[Short web captions]
#####
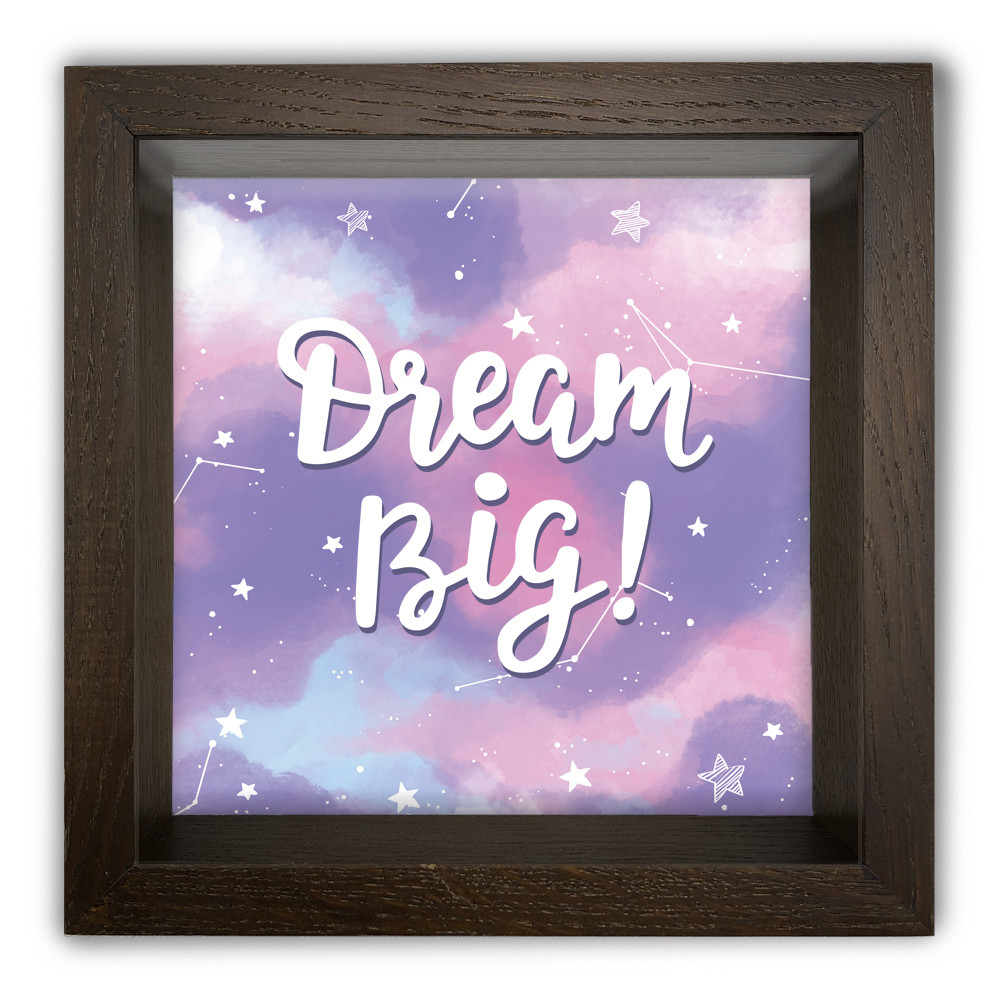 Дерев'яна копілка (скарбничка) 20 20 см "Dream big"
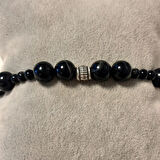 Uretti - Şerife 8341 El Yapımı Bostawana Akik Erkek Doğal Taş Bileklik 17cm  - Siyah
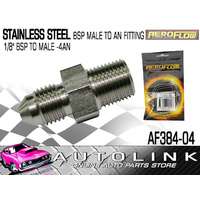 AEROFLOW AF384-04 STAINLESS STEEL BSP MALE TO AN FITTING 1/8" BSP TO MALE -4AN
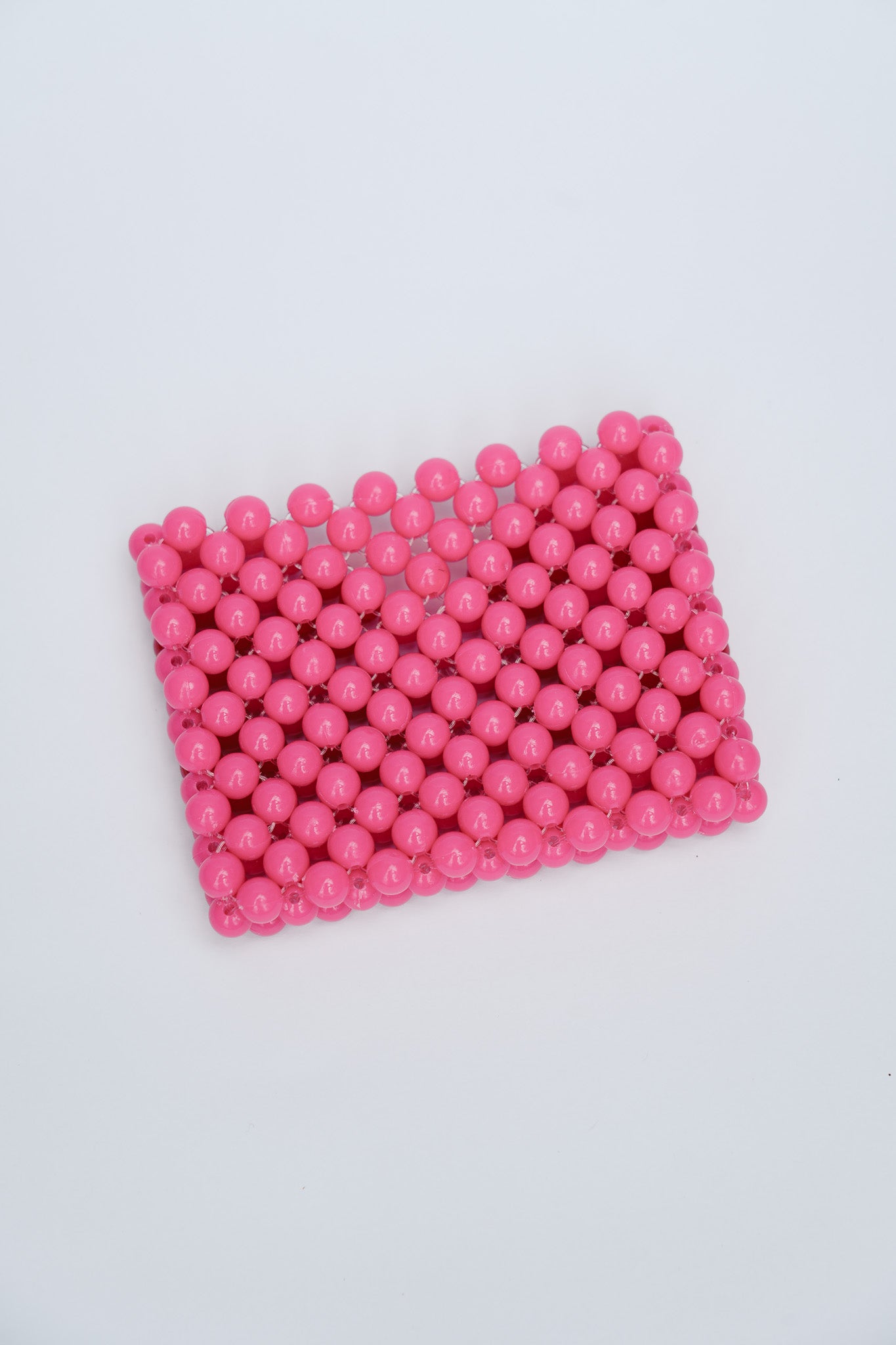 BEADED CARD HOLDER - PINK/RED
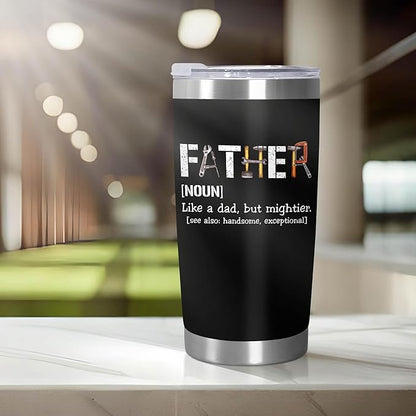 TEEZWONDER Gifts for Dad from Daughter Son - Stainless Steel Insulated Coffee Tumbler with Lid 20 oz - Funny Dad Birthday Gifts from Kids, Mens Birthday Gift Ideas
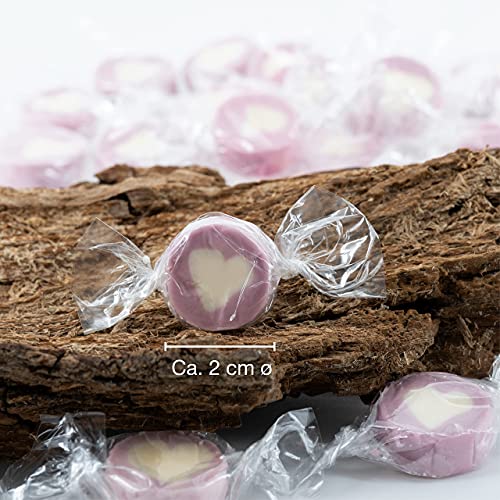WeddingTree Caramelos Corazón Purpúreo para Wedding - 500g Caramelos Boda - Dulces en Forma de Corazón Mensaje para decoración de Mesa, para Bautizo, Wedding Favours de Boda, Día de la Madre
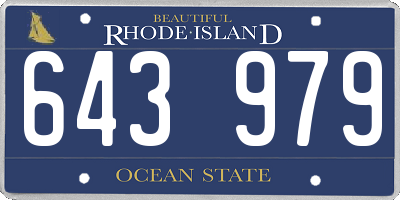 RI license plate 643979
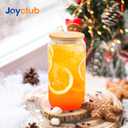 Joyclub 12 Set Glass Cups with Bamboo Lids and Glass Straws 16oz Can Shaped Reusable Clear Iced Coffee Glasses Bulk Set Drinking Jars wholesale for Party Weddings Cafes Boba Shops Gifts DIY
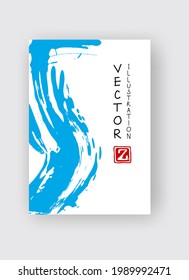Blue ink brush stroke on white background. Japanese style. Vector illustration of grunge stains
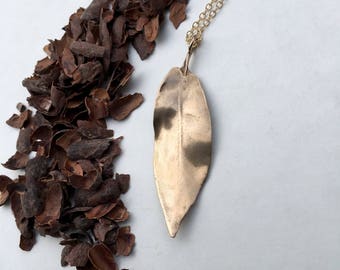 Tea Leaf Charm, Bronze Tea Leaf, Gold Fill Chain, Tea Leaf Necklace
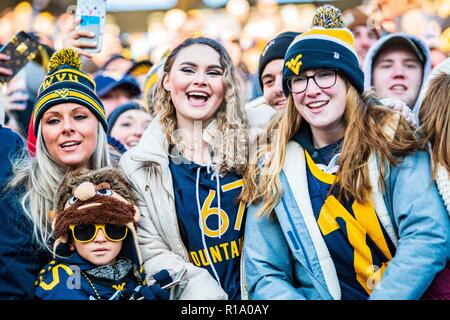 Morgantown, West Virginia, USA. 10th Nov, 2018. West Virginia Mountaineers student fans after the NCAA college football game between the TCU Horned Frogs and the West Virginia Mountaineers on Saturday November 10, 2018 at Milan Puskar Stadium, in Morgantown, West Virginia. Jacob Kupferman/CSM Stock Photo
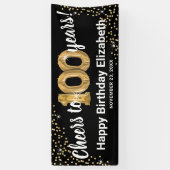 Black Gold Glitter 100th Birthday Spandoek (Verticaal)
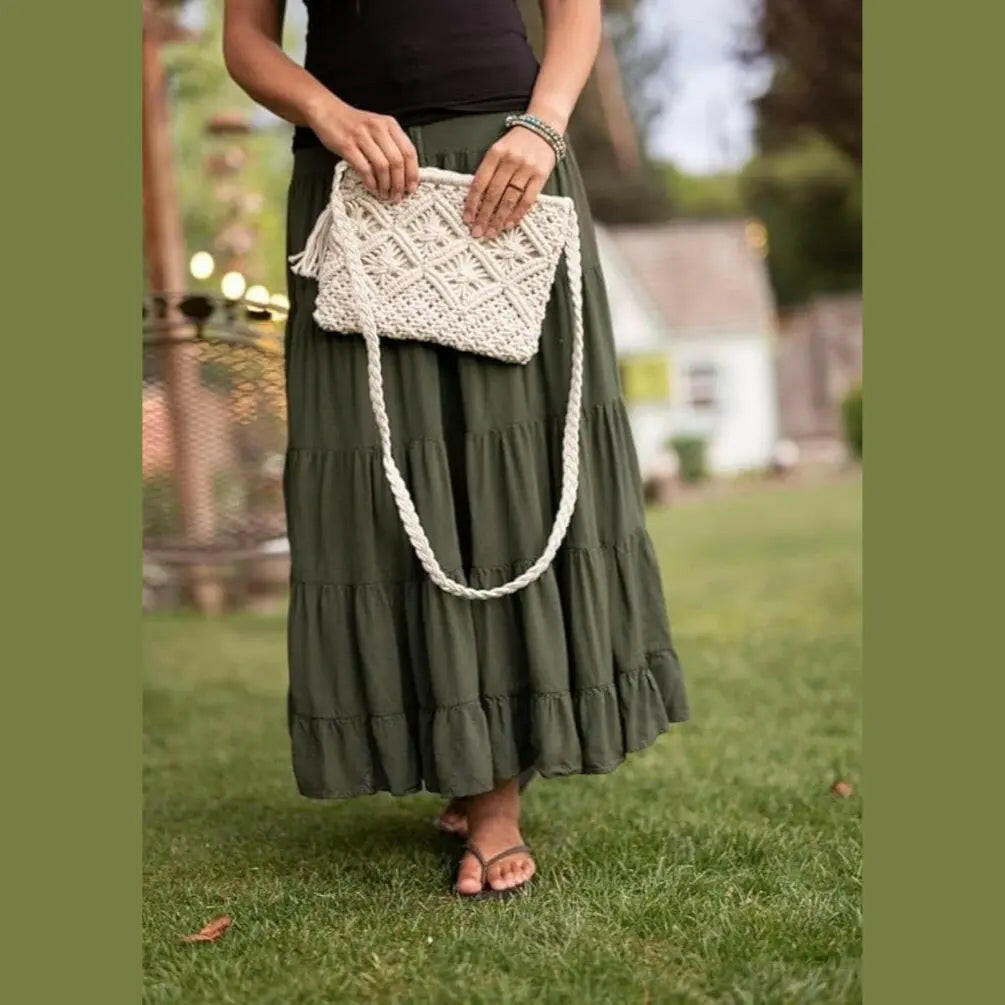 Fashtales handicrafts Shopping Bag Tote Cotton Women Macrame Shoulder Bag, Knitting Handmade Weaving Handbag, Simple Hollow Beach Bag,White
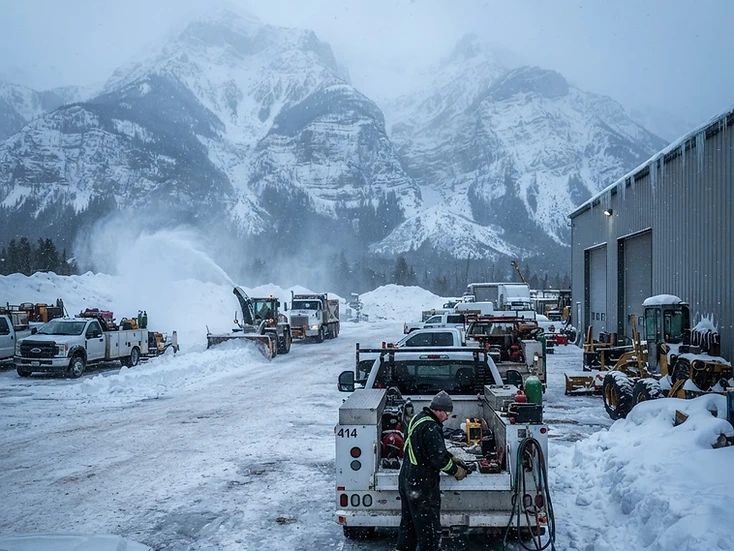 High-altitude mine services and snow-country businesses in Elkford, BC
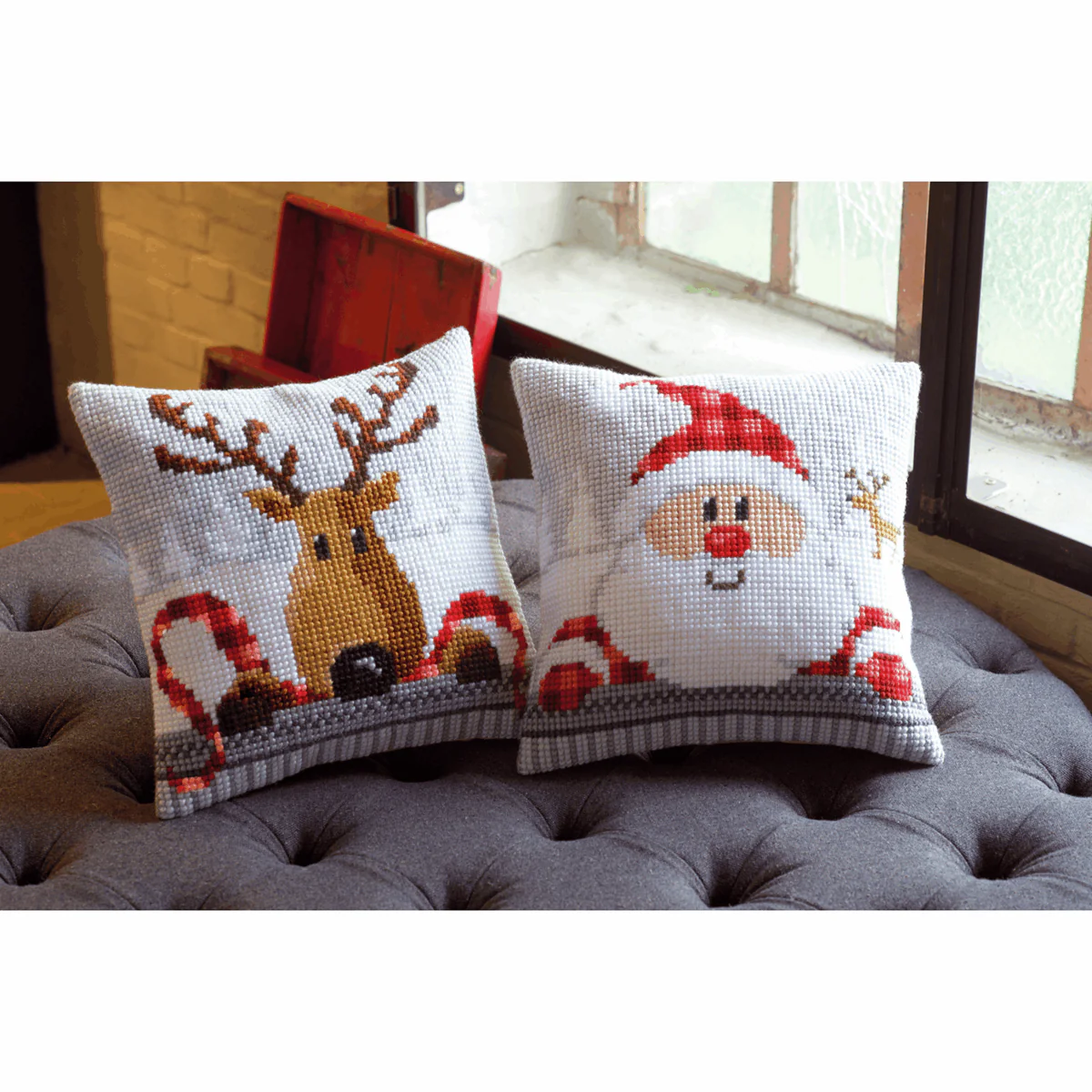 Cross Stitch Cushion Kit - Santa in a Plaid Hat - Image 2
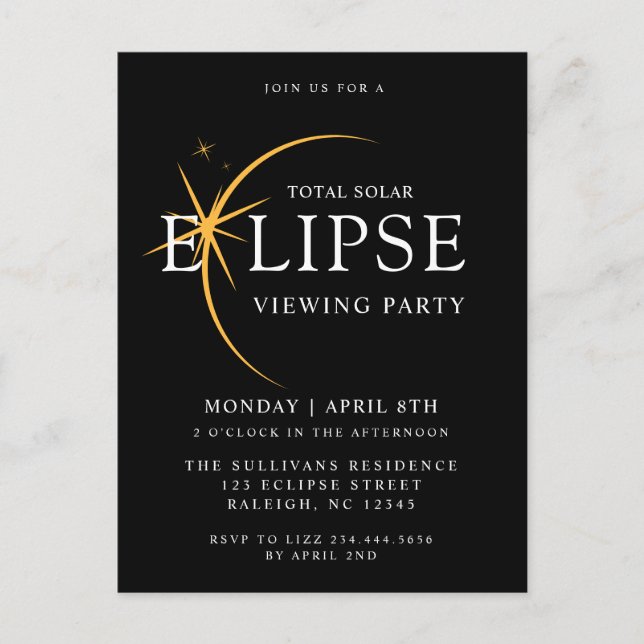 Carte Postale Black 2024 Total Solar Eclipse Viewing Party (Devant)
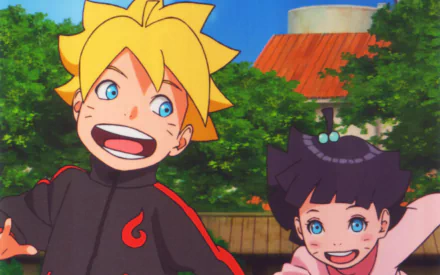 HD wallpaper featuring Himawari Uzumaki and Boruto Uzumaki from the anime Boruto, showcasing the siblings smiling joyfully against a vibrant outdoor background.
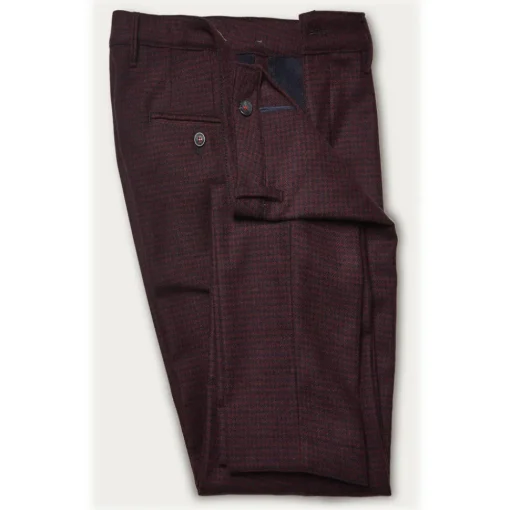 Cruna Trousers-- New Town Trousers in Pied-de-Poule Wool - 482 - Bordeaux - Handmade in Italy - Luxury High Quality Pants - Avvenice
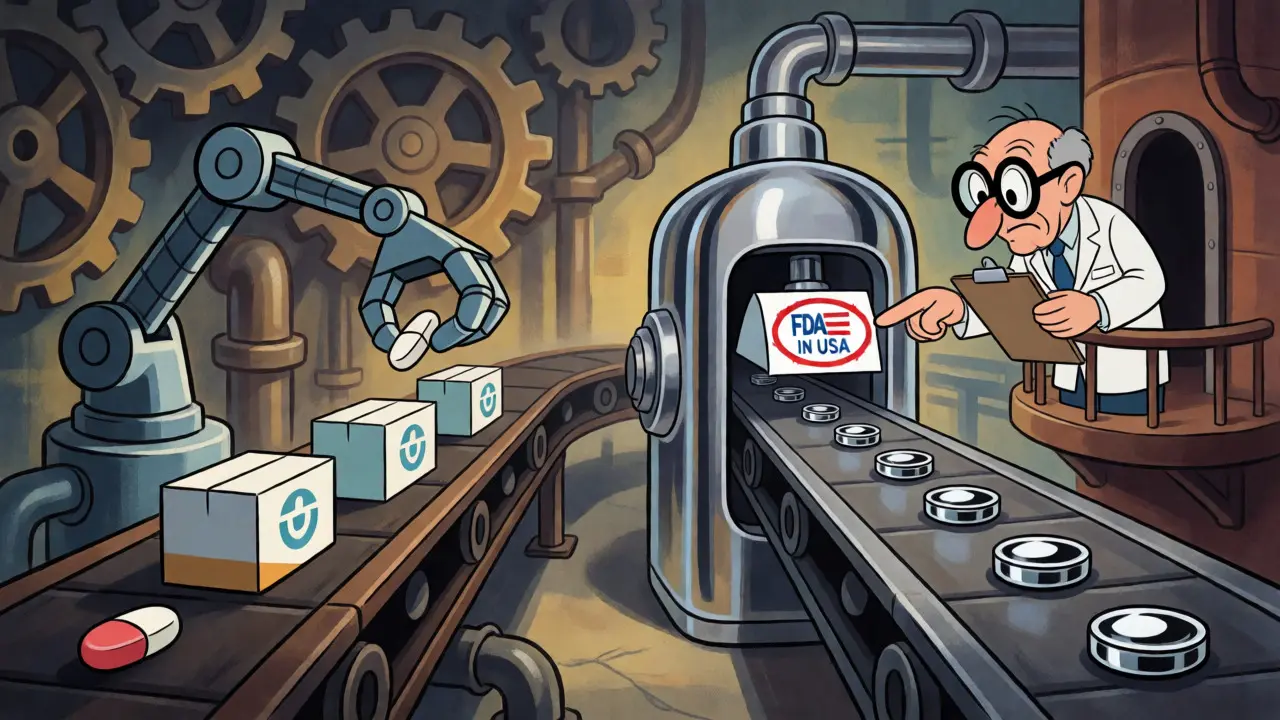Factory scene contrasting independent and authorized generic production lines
#####
■ **Task brief**
When you reach the line that contains "Fashtales handicrafts Shopping" in the records above, copy it and every line after it exactly through the last one, leaving out the pictures.

■ **Output**
 Fashtales handicrafts Shopping Bag Tote Cotton Women Macrame Shoulder Bag, Knitting Handmade Weaving Handbag, Simple Hollow Beach Bag,White
 High-altitude mine services and snow-country businesses in Elkford, BC
 Cross Stitch Cushion Kit - Santa in a Plaid Hat - Image 2
 Carte Postale Black 2024 Total Solar Eclipse Viewing Party (Devant)
 HD wallpaper featuring Himawari Uzumaki and Boruto Uzumaki from the anime Boruto, showcasing the siblings smiling joyfully against a vibrant outdoor background.
 Cruna Trousers-- New Town Trousers in Pied-de-Poule Wool - 482 - Bordeaux - Handmade in Italy - Luxury High Quality Pants - Avvenice
Factory scene contrasting independent and authorized generic production lines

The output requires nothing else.